* Activity
When you reach the line in the data below that contains "DENIM FLOWER MAXI DRESS M DENIM", please start repeating lines exactly, and stop after the line that contains "Patagonia Tropic Comfort", repeating nothing else.

* Study material
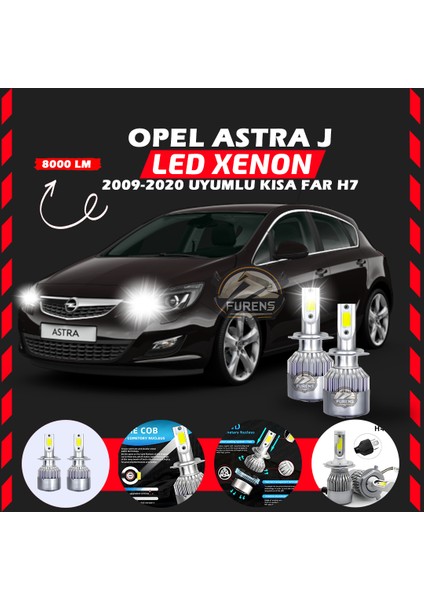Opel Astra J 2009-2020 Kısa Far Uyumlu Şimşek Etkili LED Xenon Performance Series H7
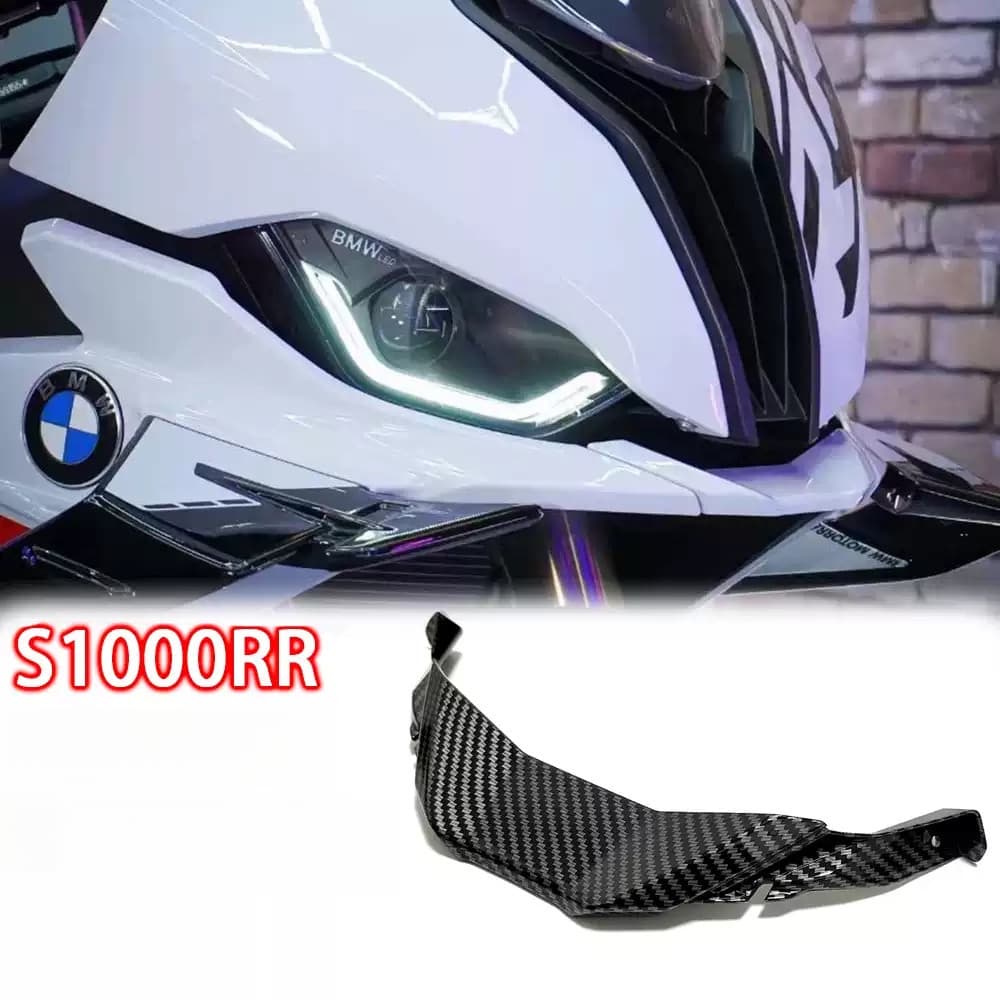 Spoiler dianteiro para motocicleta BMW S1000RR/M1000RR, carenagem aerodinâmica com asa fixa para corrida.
==
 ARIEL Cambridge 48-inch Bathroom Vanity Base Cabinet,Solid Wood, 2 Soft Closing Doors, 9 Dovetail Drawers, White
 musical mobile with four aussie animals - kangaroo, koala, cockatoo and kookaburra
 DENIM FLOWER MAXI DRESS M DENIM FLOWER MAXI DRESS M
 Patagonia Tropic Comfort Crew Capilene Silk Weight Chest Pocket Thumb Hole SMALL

* Exercise response
 DENIM FLOWER MAXI DRESS M DENIM FLOWER MAXI DRESS M
 Patagonia Tropic Comfort Crew Capilene Silk Weight Chest Pocket Thumb Hole SMALL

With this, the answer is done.